== Problem requirements ==
What you write should match, word for word, the lines from the one containing "London Luxury Apartments" through the end of the data, with no pictures.
(Data supplied begins)
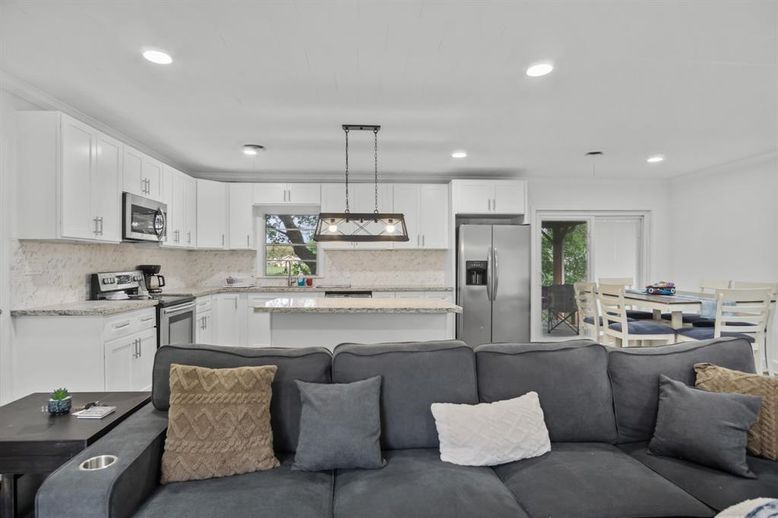 Dining room, Interior, Kitchen, Living room, Pendant Lights, Recessed Lighting, Stainless Steel Appliances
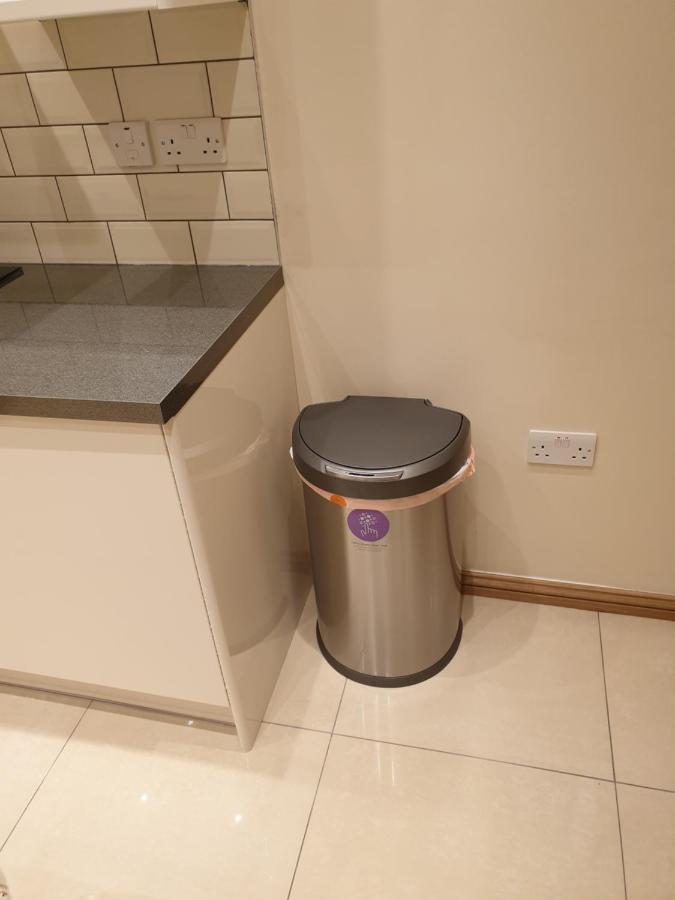 London Luxury Apartments 3 Bedroom Sleeps 8 With 3 Bathrooms 5 Mins Walk To Tube Station Free Parking Ilford Buitenkant foto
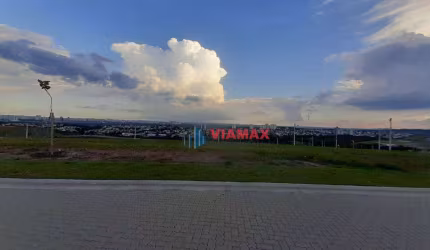Terreno à venda, 330 m² por R$ 680.000 - Cond. Terras Alpha - Urbanova - São José dos Campos/SP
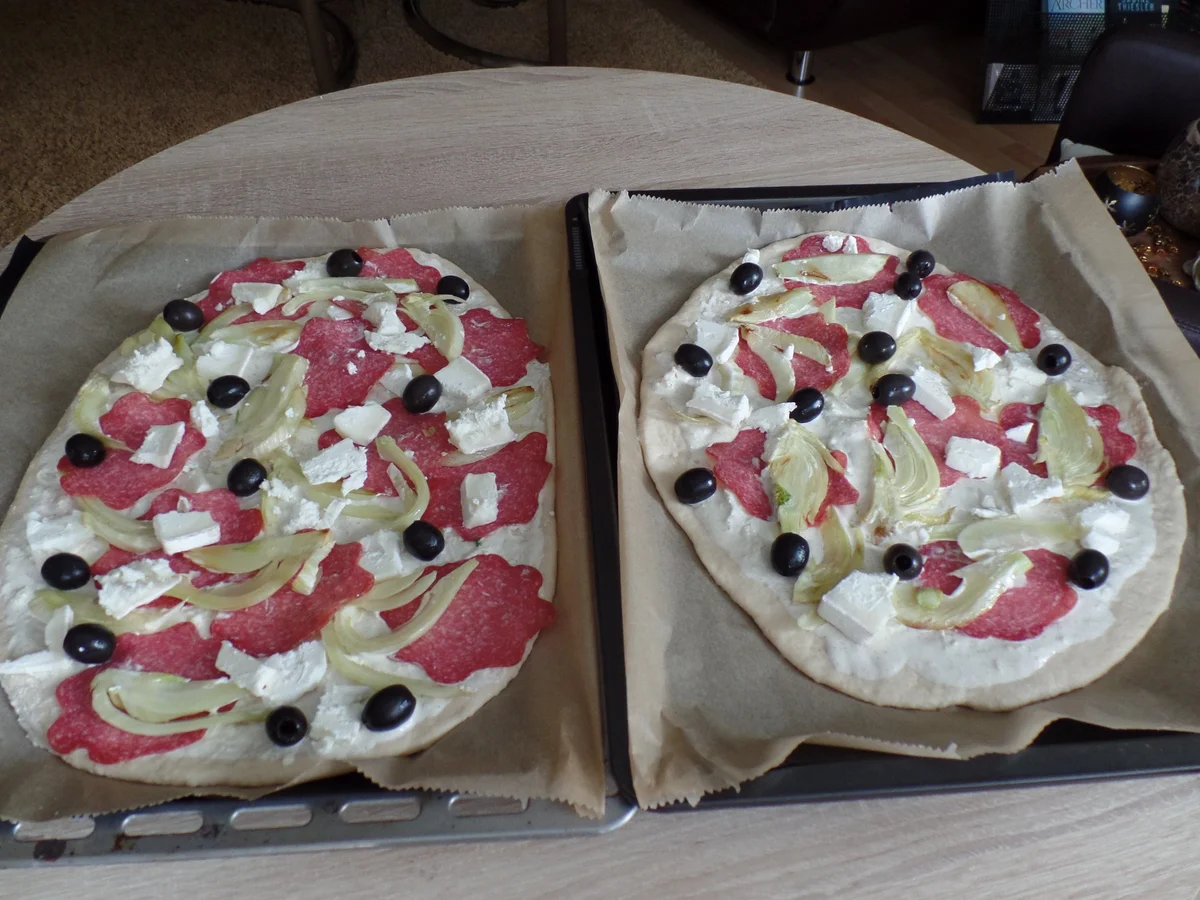 Rezept: Fenchel-Salami-Flammkuchen Bild Nr. 3930 Fenchel-Salami-Flammkuchen - Rezept - Bild Nr. 3930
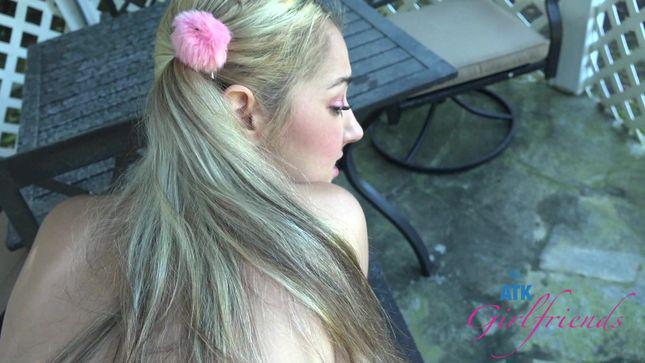 The neighbor gives herself into the vagina after masturbation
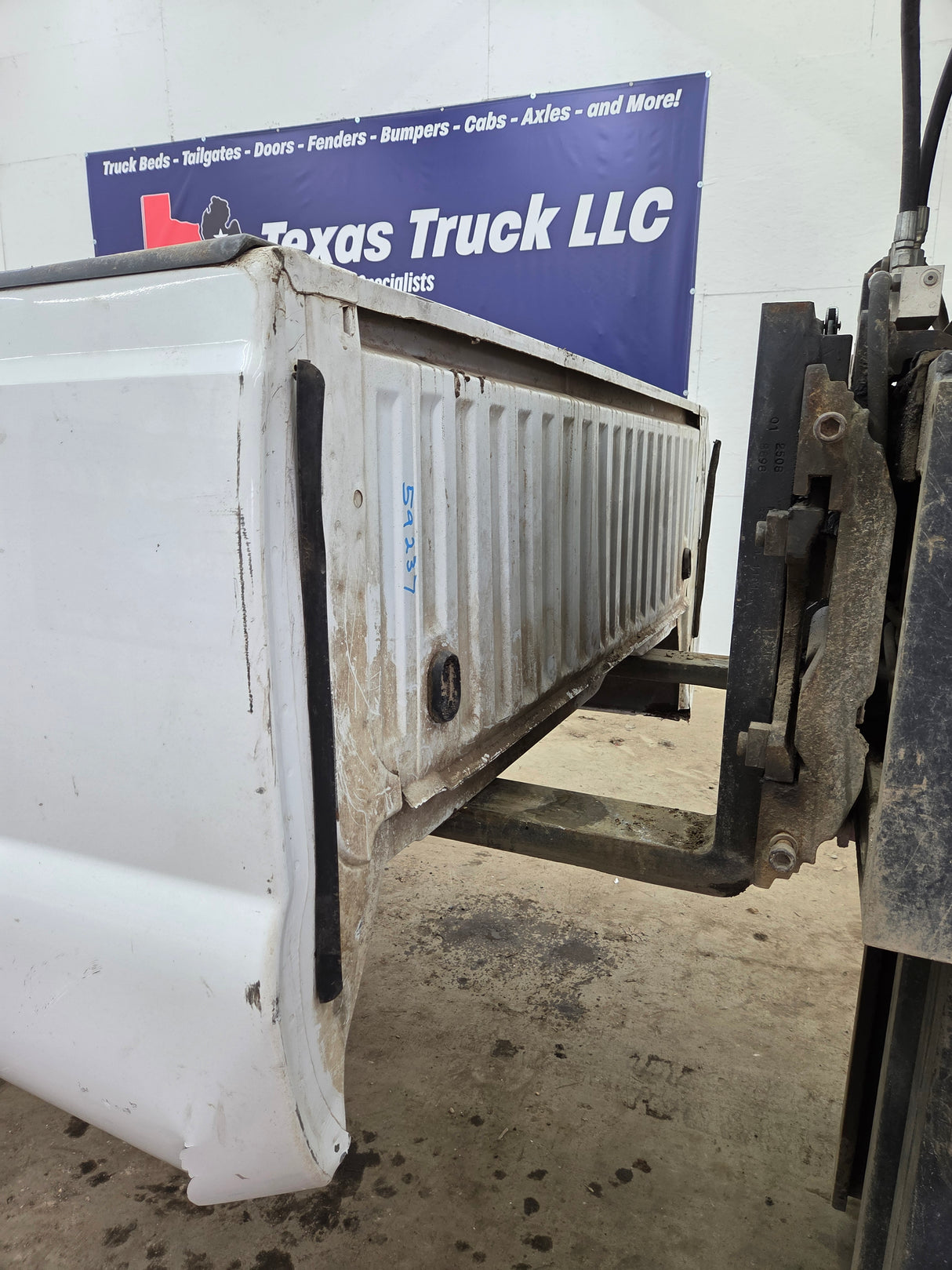 2011-2016 Ford F250 F350 Super Duty 8' Long Truck Bed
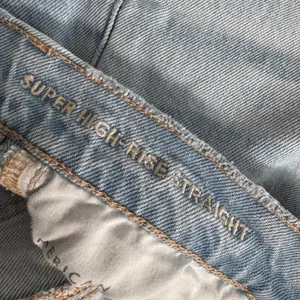 American Eagle Super High-Rise Straight Jeans Light Wash Sz 6 Short Raw Hem thumbnail 4
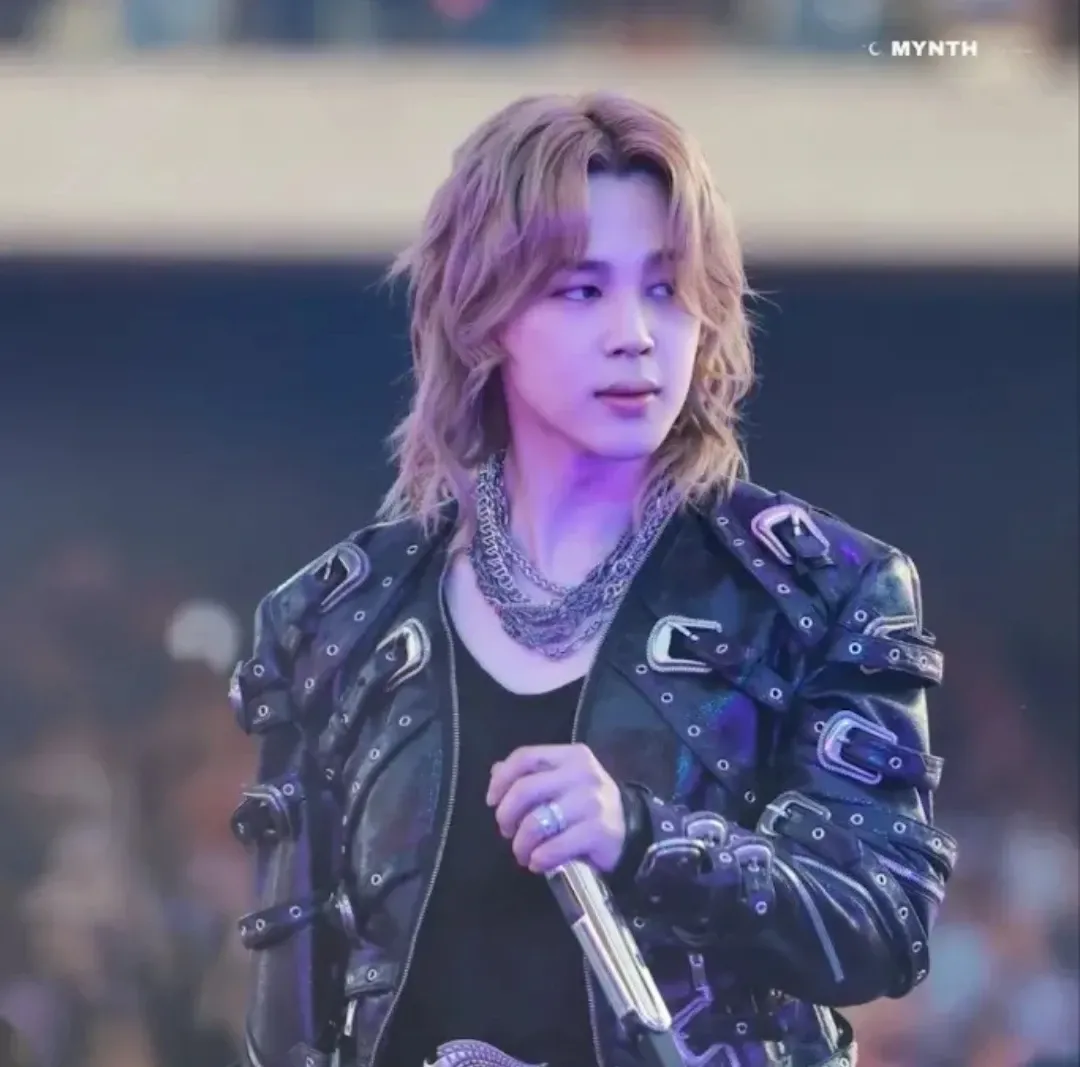 Behind-the-scenes cut of Ha Jimin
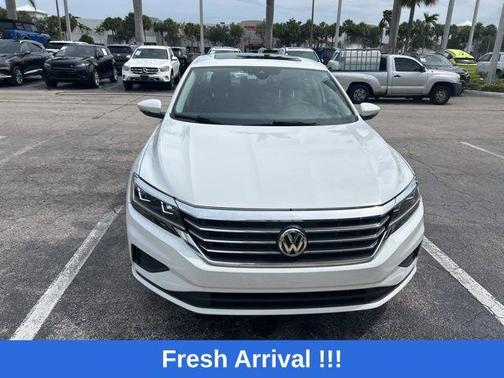 Pure White 2021 Volkswagen Passat 2.0T SE
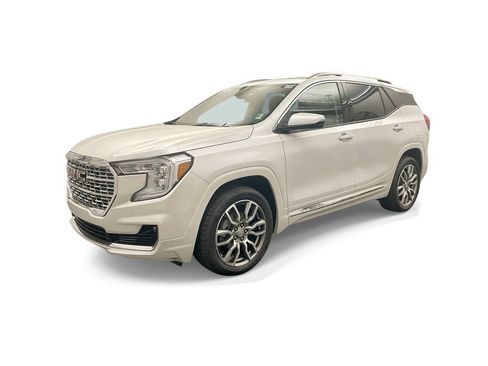 Used 2024 GMC Terrain Denali w/ Denali Premium Package AWD/4WD image 32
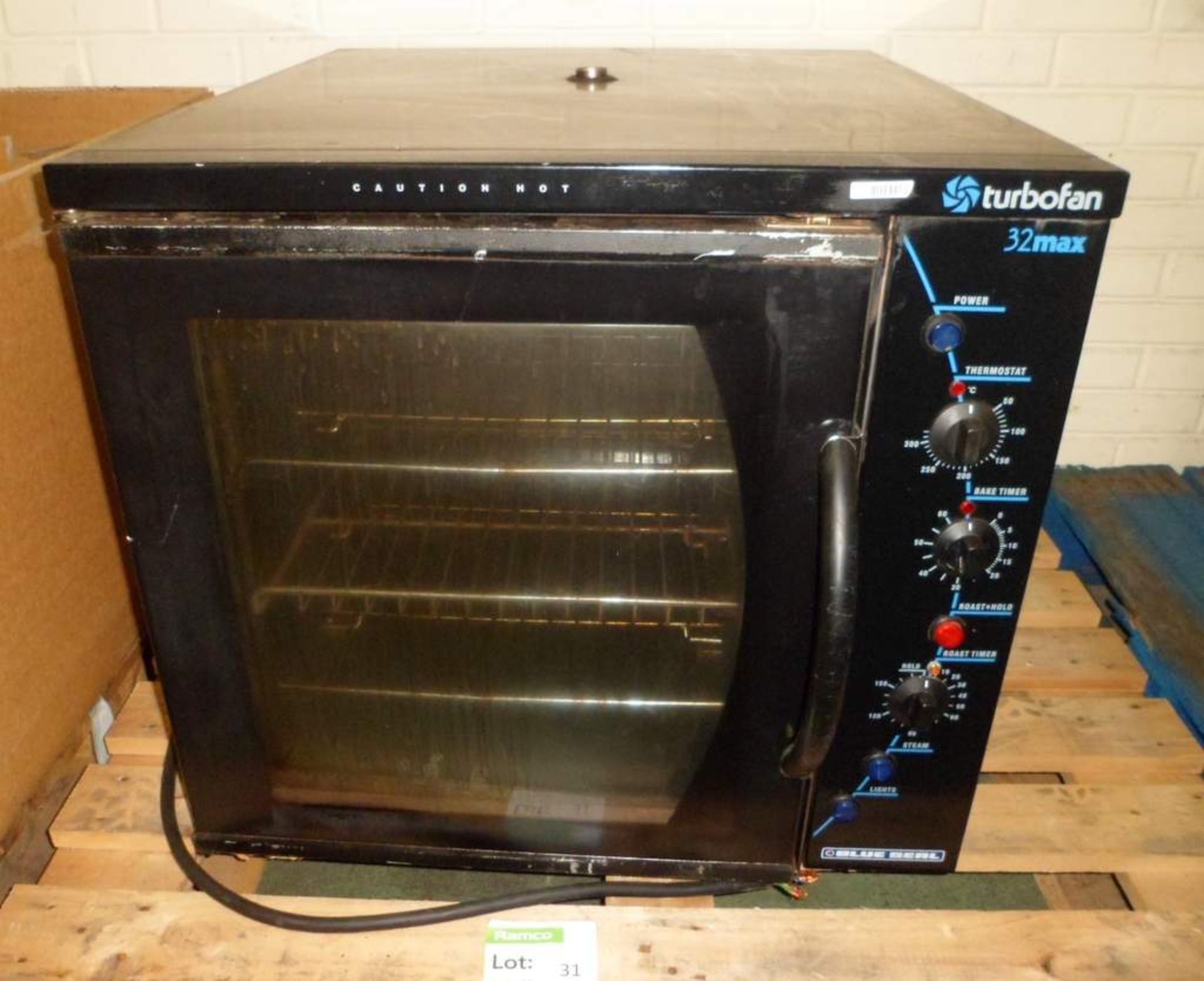 BlueSeal TurboFan 32 Max oven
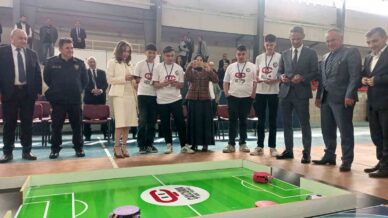 caycuma ilk kezrobot yarismasina ev sahipligi yapti 9mqRw8YU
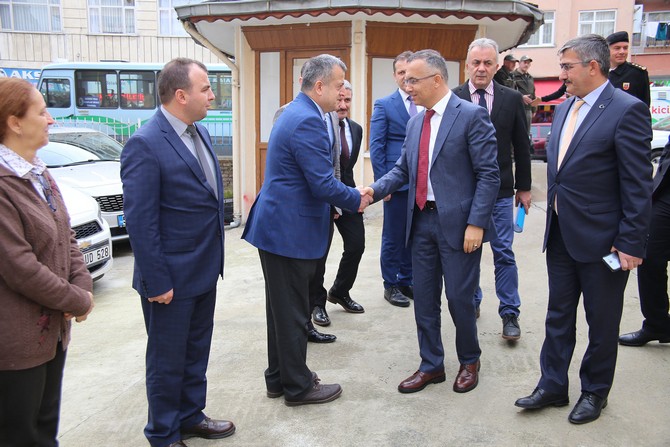 rize-valisi-kemal-ceber,-tarim-ve-orman-bakanligi-12.-bolge-mudurlugunde-ve-rize-orman-isletme-mudurlugunde-incelemelerde-bulundu-(1).jpg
(Data supplied ends)
== Expected answer ==
 London Luxury Apartments 3 Bedroom Sleeps 8 With 3 Bathrooms 5 Mins Walk To Tube Station Free Parking Ilford Buitenkant foto
Terreno à venda, 330 m² por R$ 680.000 - Cond. Terras Alpha - Urbanova - São José dos Campos/SP
 Rezept: Fenchel-Salami-Flammkuchen Bild Nr. 3930 Fenchel-Salami-Flammkuchen - Rezept - Bild Nr. 3930
 The neighbor gives herself into the vagina after masturbation
 2011-2016 Ford F250 F350 Super Duty 8' Long Truck Bed
 American Eagle Super High-Rise Straight Jeans Light Wash Sz 6 Short Raw Hem thumbnail 4
 Behind-the-scenes cut of Ha Jimin
 Pure White 2021 Volkswagen Passat 2.0T SE
 Used 2024 GMC Terrain Denali w/ Denali Premium Package AWD/4WD image 32
 BlueSeal TurboFan 32 Max oven
 caycuma ilk kezrobot yarismasina ev sahipligi yapti 9mqRw8YU
 rize-valisi-kemal-ceber,-tarim-ve-orman-bakanligi-12.-bolge-mudurlugunde-ve-rize-orman-isletme-mudurlugunde-incelemelerde-bulundu-(1).jpg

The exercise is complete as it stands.